Exercise description
Every line from the one containing "10411 W Clair" to the one containing "5th image of 3183 Wilshire Blvd Unit 703" in the records below, both included, must be set down exactly, and no other line.

*** Opening of Records for processing ***

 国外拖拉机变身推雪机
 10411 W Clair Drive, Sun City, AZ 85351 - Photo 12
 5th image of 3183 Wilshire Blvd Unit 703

*** Close of Records for processing ***
*** Opening of Records for processing ***

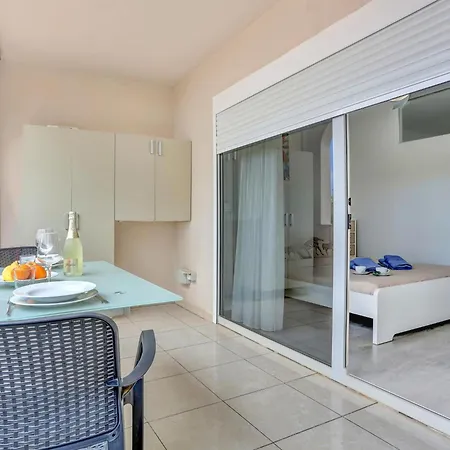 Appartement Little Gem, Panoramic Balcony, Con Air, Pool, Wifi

*** Close of Records for processing ***

Output below
 10411 W Clair Drive, Sun City, AZ 85351 - Photo 12
 5th image of 3183 Wilshire Blvd Unit 703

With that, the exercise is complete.